RECORDS SUPPLIED —
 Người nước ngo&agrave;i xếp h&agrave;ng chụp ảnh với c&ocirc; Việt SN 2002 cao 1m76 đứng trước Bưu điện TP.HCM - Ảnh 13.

...

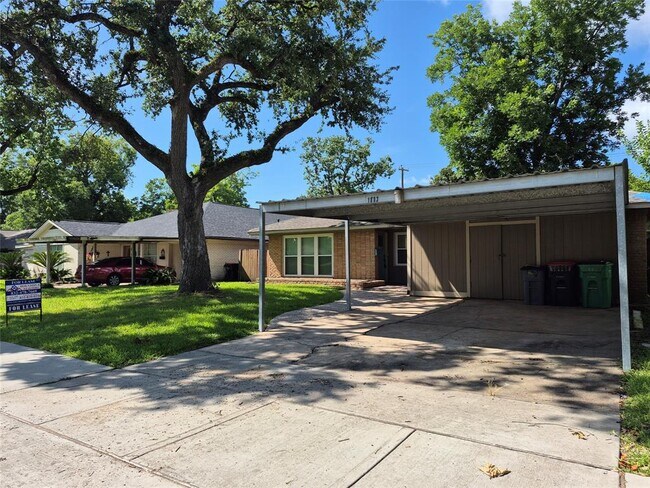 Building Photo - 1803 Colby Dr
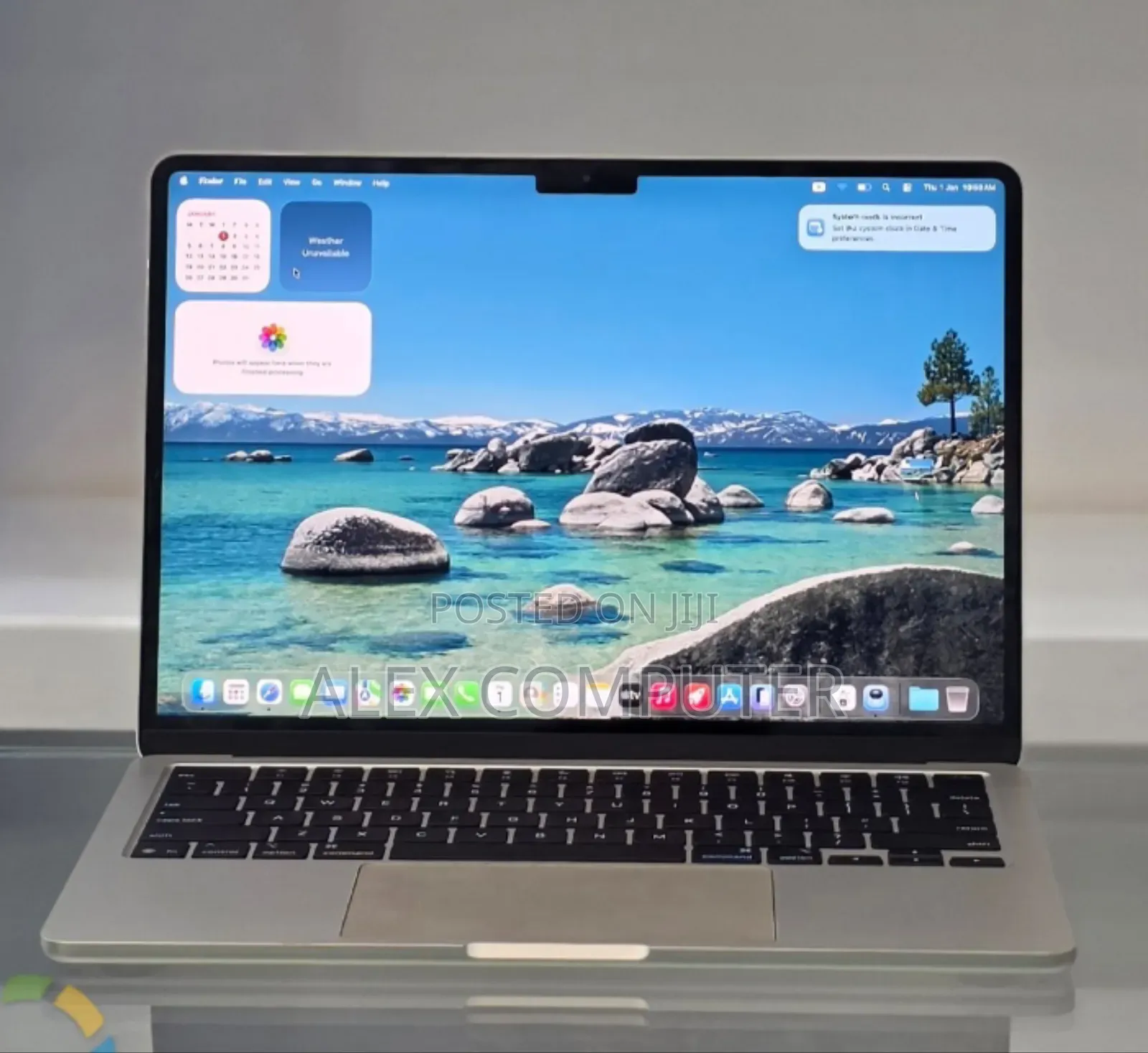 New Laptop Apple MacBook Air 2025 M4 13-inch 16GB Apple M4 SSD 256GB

ABOUT THIS TASK —
In the listing above, find the line containing "Building Photo - 1803 Colby Dr". Output it and every line after it up to and including the line containing "New Laptop Apple", exactly, but skip the pictures.

ANSWER SECTION —
 Building Photo - 1803 Colby Dr
 New Laptop Apple MacBook Air 2025 M4 13-inch 16GB Apple M4 SSD 256GB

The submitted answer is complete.